Paper long abstract:
The region of Intag in northwest Ecuador represents a microcosm of some of the planet's most salient problems having to do with development, governance, and climate justice. It raises the following questions: Do local communities have the right to determine what kind of development goes on in their 'neighborhood', where their livelihoods are contingent on healthy ecosystems and their neighbors include still undocumented species of plants and animals? What rights do rural women and men have to the power of transnational capital in the form of extractive industries in the search for minerals to quench the insatiable 'need' for commodities in the global north? Why does the northwest corner of the Ecuadorian Andes matter, and what lessons about civic participation, biodiversity and climate change do events in Intag reveal for the future of women, men and children all over the globe?

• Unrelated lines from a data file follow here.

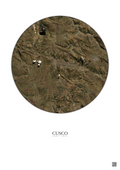 Affiche Cusco – Poster vue satellite 20km Couleur | Gravura – Fond clair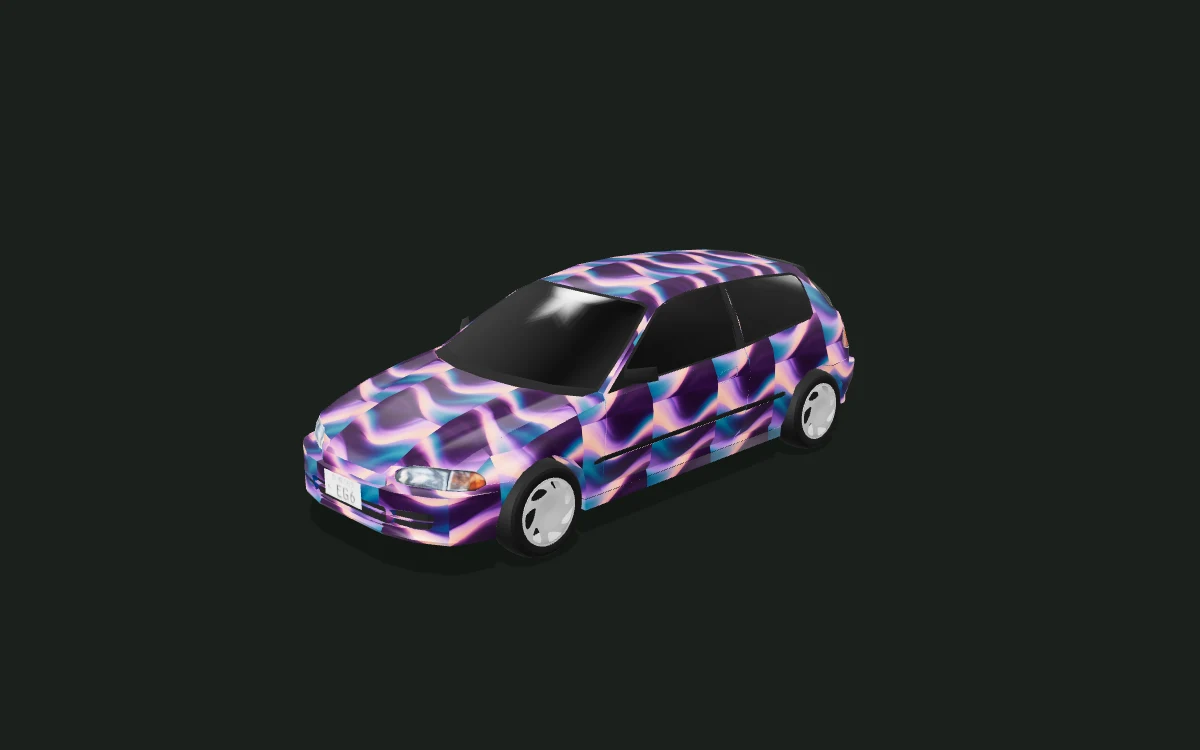 Plum Current for Honda Civic — 3D model render — front three-quarter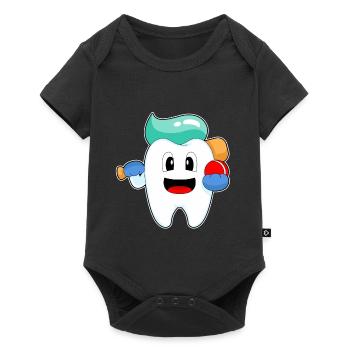 Tooth Cricket Cricket Bat - Body à manches courtes Premium Bébé - noir - Devant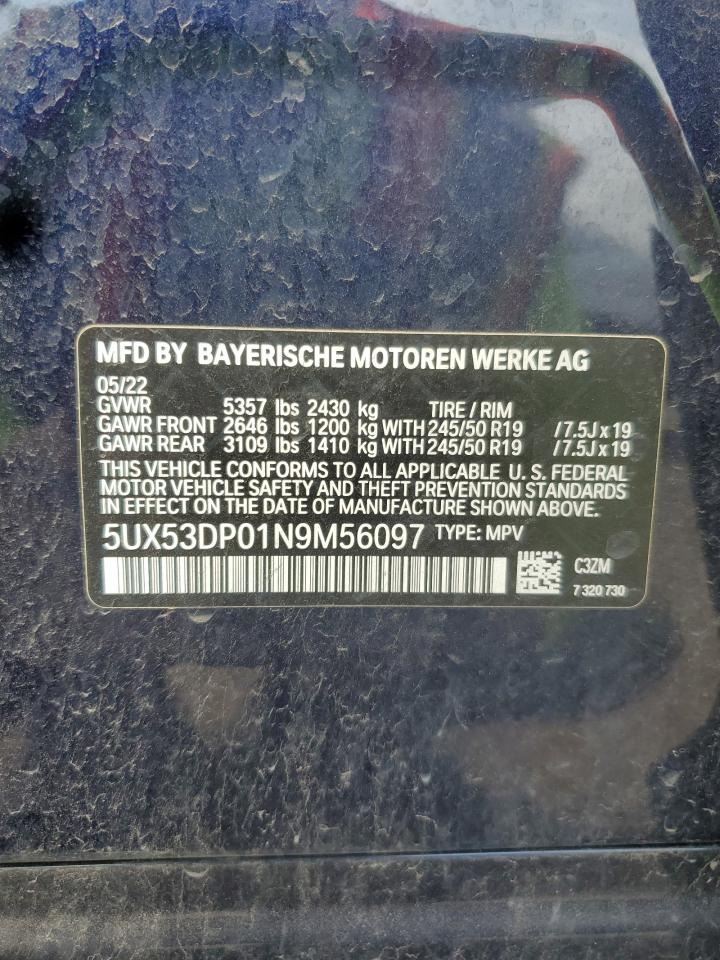 2022 BMW X3 xDrive30I VIN: 5UX53DP01N9M56097 Lot: 68114755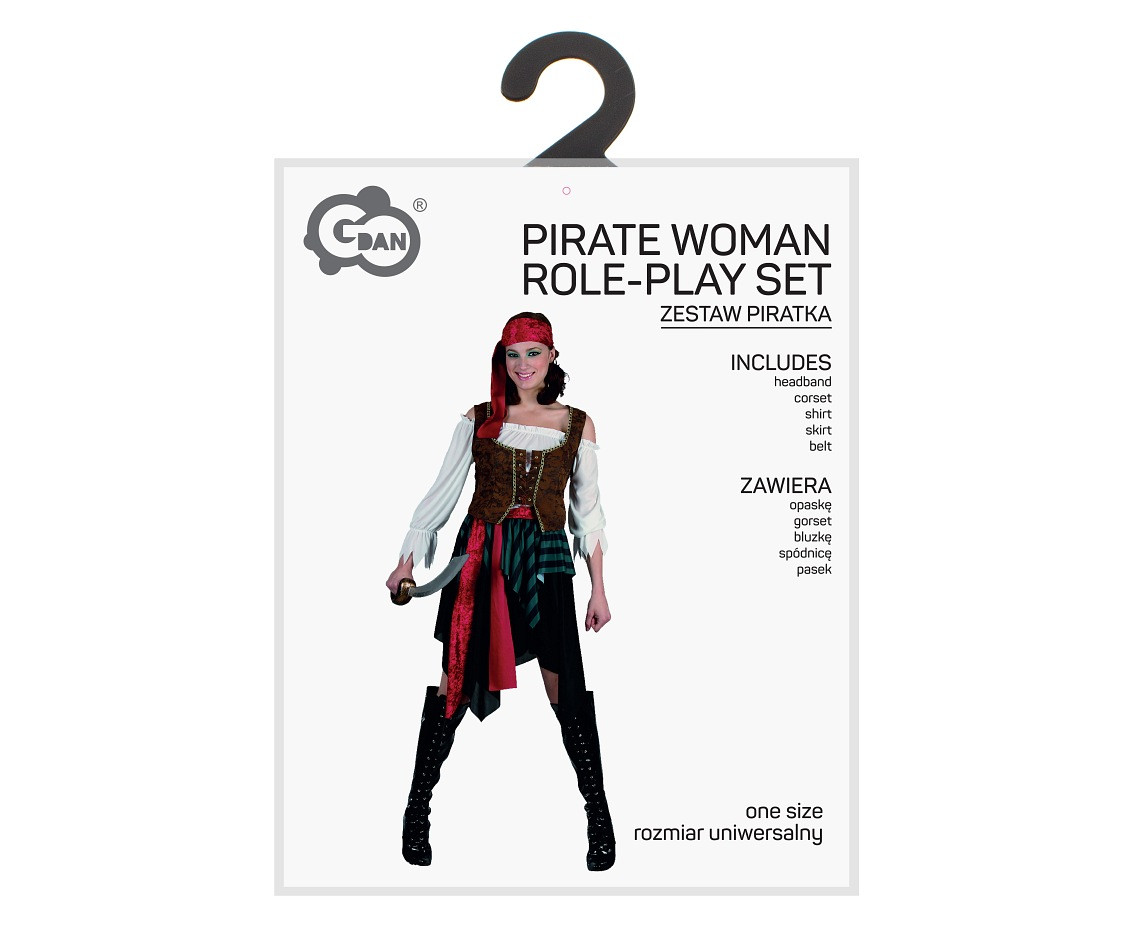 Pirate Woman role-play set for adult (headband, corset, shirt, skirt,belt), one size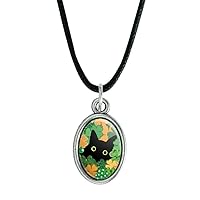 GRAPHICS & MORE St. Patrick's Day Black Cat Shamrock Antiqued Oval Charm Pendant with Black Satin Cord
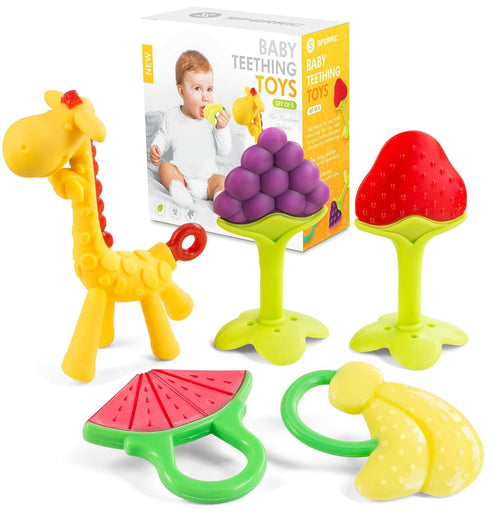 Baby Teething Toys for Newborn (5-Pack), Freezer Safe BPA Free Infant and Toddler Silicone Teethers to Soothe Babies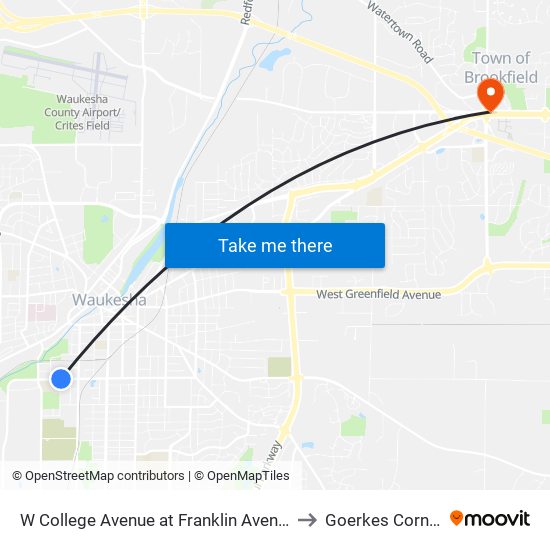 W College Avenue at Franklin Avenue to Goerkes Corner map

Generally, responses to global crises, such as natural disaster, poverty, civil unrest, and other natural and human insecurities, have been overly focused on scientific and economic solutions. In this case, I follow social resolutions. The stories of natural and social histories, confrontation, coalescence and new ways forward are compelling as women and men from Intag struggled in alliance with outsiders to come up with creative solutions to confront development on their own terms. The civic and gendered dimensions of social empowerment in Intag, within the context of local and global political ecologies, are instructive for anyone interested in the crises surrounding climate change, sustainability and human survival.